Sweet taste, eliciting a pleasant sensation, provides an instinctive means to find the energy source such as the carbohydrates, which usually taste sweet. The taste perception of the sweetness is a complex mechanism involving the multiple disciplines (e.g., chemistry, biology, and physiology), however, it is generally assumed to be predominantly mediated by the taste receptors type 1 (Tas1Rs) on the taste buds in the oral cavity (Roper and Chaudhari, 2017). Interestingly, Tas1Rs are also expressed in numerous different organs (e.g., gut and pancreas), implicating that they are intricately participated in various physiological processes such as intestinal absorption, glucose homeostasis, and metabolic regulation (Laffitte et al., 2014).
Human sweet taste receptor (hSTR) functions as a heterodimer of two subunits (hTas1R2 and hTas1R3) belonging to the class C family of G-protein coupled receptors (GPCRs), whereas each subunit contains three distinct domains: a large extracellular venus flytrap domain (VFD), a short cysteine-rich domain (CRD), and seven-transmembrane domain (TMD) (Meyers and Brewer, 2008). hSTR harbors at least four different binding sites revealed by the biochemical characterization such as the chimeras or site-directed mutagenesis experiment, and thereby can recognize a variety of sweeteners (Masuda et al., 2012): sugars (e.g., sucrose and glucose), amino acids (e.g., D-trypotophan and D-glycine), artificial sweeteners (e.g., saccharin and aspartame), and sweet proteins (e.g., monellin and thaumatin). According to the content of calorie, these chemically diverse sweeteners can be generally categorized into two types (Dubois and Prakash, 2012): the nutritive sweeteners with the high calorie (e.g., sucrose), and the non-nutritive sweeteners (e.g., saccharin and aspartame) with the low or zero calorie that mainly refer to the artificial sweeteners in this work.
Nowadays, the non-nutritive sweeteners are broadly used as the food additives to substitute for the nutritive sweeteners such as sucrose, since the over-consumption of high-calorie nutritive sweeteners in the functional food and beverage will lead to the elevated risks of the metabolic disorders (e.g., type II diabetes) and cardiovascular diseases (Fernstrom, 2015). Therefore, a multitude of non-nutritive sweeteners with the low calorie yet preserving the sweetness have been manually synthesized or directly extracted from the natural plants to prevent these risks.
Hitherto, none of the currently available non-nutritive sweeteners (especially the artificial sweeteners) can accurately replicate the same sweetness profile (e.g., concentration/response function, temporal profile, and adaption behaviors) of the natural sucrose (Dubois, 2016), since they usually exhibit the slow sweetness onset, lingering sweetness aftertaste, apparent off-taste, or moderate/strong adaption upon the iterative tasting, which are generally not preferred by most of consumers. Moreover, the heavy use of the artificial sweeteners, one major class of non-nutritive sweeteners, are reported to cause some side-effects such as an increased risk of cancer in human (Mishra et al., 2015). Therefore, it is still desirable to discover more novel and safe non-nutritive sweeteners.

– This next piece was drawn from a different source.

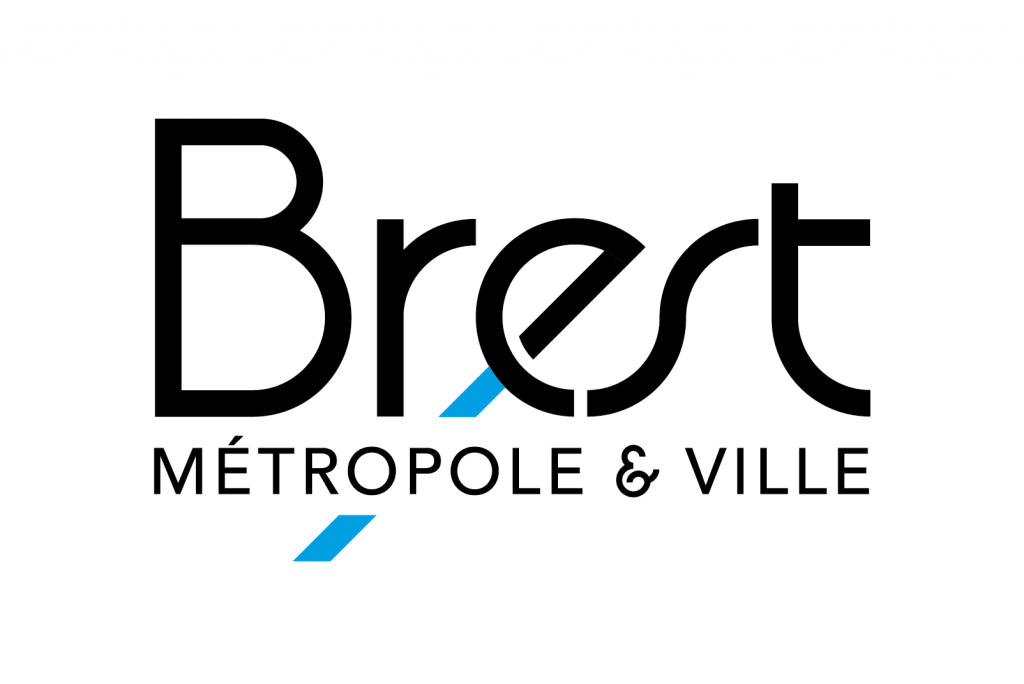 Logo Brest Metropole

As we know, the sweetener discovery using the human taste-panel or cell-based high-throughput screening is an expensive, laborious and slow process. Hence in-silico sweetener prediction could be a good alternative to rapidly identify the most likely sweetener candidates with the high potency prior to the time-consuming and arduous experiment. Currently, there are two main computational methods for the sweetener prediction: structure-based and ligand-based methods. Structure-based method is to rationally design the compound based on hSTR. Nevertheless, the crystal structure of full hSTR is still unraveled, albeit there are several homology models based on the templates with the limited sequence identities (Shrivastav and Srivastava, 2013; Jean-Baptiste et al., 2017; Kim et al., 2017; Acevedo et al., 2018). In addition, a compound that can bind with hSTR could be also a sweetness inhibitor (e.g., lactisole) (Jiang et al., 2005), rather than the sweetener of our interest. However, the data-driven machine-learning method, emerging as a vibrant area of ligand-based method, can directly predict the sweetener and its relative sweetness (RS), provided that there is sufficient experimental dataset to build the predictive model. More specifically, the sweetener/non-sweetener classification models based on the machine-learning methods can be employed to predict the sweetener, and the regression models derived from the machine-learning methods can be utilized to forecast the RS of the sweetener.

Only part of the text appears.